1
votes

Reading the paper about MapReduce and there is mention of sorting all intermediate keys to be grouped together.

When a reduce worker has read all intermediate data, it sorts it by the intermediate keys so that all occurrences of the same key are grouped together. The sorting is needed because typically many different keys map to the same reduce task. If the amount of intermediate data is too large to fit in memory, an external sort is used

There there is mention of the same reduce task being exectued on multiple machines.

When a reduce task completes, the reduce worker atomically renames its temporary output file to the final output file. If the same reduce task is executed on multiple machines, multiple rename calls will be executed for the same final output file.

If the same keys are grouped together, won't that become one reduce task to be run by one reduce worker? How can the same reduce task be run on multiple machines?

2

2 Answers

1
votes

. If the same reduce task is executed on multiple machines, multiple rename calls will be executed for the same final output file.

It's possible due to speculative execution.

If a particular Map or Reduce task is taking long time, Hadoop Framework starts same task on different machine speculating that long running task had some issues. The slowness in long running task can be caused by network failures, busy machine or faulty hardware.

You can find more details about this concept in this SE question:

Hadoop speculative task execution

From Apache documentation page @ Task Side-Effect Files:

There could be issues with two instances of the same Mapper or Reducer running simultaneously (for example, speculative tasks) trying to open and/or write to the same file (path) on the FileSystem. Hence the application-writer will have to pick unique names per task-attempt (using the attemptid, say attempt_200709221812_0001_m_000000_0), not just per task.

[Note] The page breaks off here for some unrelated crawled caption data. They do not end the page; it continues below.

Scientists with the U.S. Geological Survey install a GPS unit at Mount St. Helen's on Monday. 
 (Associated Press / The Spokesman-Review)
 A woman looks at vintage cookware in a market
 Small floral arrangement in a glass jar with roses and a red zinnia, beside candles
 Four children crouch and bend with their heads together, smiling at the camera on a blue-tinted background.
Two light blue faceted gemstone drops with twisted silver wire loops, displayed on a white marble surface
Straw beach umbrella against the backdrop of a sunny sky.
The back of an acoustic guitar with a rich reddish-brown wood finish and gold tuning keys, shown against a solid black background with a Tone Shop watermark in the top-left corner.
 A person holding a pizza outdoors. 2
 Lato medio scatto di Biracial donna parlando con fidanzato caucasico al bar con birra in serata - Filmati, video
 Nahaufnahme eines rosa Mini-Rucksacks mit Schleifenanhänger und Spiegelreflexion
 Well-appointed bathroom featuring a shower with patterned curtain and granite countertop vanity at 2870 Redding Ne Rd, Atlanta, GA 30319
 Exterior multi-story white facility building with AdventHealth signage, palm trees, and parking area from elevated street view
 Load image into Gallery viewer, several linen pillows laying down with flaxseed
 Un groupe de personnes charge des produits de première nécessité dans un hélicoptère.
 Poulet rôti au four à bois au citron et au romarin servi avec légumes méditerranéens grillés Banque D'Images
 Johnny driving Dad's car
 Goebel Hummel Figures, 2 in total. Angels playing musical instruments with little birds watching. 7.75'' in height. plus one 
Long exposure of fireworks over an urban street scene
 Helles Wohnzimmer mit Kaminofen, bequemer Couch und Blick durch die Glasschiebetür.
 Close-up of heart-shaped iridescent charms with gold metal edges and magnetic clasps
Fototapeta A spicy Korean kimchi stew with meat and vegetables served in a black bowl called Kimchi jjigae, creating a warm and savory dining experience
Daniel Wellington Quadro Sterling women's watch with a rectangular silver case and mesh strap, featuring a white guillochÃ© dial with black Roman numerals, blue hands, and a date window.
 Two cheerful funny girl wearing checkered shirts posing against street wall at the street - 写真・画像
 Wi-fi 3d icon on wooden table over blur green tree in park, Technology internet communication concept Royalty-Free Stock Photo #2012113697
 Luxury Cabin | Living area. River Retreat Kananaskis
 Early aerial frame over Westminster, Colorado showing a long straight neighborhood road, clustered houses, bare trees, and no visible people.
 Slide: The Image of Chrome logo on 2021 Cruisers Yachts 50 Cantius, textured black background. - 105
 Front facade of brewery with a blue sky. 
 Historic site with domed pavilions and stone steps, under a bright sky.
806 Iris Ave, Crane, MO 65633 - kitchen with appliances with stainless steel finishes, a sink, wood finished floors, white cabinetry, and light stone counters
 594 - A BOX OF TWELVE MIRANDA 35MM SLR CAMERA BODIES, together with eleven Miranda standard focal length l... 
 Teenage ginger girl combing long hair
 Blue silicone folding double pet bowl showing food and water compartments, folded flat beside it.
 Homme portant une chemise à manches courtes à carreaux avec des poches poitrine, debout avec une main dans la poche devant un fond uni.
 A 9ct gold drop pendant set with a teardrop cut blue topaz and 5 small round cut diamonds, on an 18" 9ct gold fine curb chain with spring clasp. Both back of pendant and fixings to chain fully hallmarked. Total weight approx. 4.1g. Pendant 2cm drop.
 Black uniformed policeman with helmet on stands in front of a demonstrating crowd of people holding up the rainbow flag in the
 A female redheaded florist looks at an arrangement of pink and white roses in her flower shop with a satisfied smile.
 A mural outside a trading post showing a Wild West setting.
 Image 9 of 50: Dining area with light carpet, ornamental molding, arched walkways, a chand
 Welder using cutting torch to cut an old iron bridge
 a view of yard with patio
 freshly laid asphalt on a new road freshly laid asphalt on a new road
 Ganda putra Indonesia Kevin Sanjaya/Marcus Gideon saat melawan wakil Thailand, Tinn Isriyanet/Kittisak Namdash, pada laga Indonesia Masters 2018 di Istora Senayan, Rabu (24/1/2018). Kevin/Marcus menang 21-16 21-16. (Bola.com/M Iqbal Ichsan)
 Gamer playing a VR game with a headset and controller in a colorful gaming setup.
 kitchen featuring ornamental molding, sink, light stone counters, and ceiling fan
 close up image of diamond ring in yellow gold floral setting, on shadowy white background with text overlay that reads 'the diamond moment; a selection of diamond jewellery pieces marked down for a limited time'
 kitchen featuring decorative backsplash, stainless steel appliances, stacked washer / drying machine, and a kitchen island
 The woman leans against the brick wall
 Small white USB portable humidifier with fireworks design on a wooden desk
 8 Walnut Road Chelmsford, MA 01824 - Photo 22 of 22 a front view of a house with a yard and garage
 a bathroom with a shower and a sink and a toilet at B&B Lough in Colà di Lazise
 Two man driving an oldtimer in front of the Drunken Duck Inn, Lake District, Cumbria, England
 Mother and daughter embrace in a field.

To avoid these issues the MapReduce framework, when the OutputCommitter is FileOutputCommitter, maintains a special ${mapreduce.output.fileoutputformat.outputdir}/_temporary/_${taskid} sub-directory accessible via ${mapreduce.task.output.dir} for each task-attempt on the FileSystem where the output of the task-attempt is stored.

1
votes

I think you took it wrong. It means that if a single reduce task is large enough then instead of processing it on single machine it is processed on multiple machines then output file from machine is renamed, aggregated and presented as single output file.

Multiple reduce processes can occur on same node. It depends on speed of that node if it is fast enough to process reduce task as compare to other nodes, if yes then it is again feeded with another reduce task.

For more information refer https://hadoop.apache.org/docs/current/hadoop-mapreduce-client/hadoop-mapreduce-client-core/MapReduceTutorial.html There is topic in this doc " how many reduces ? " I think that will solve your query.

I hope I am able to solve your query.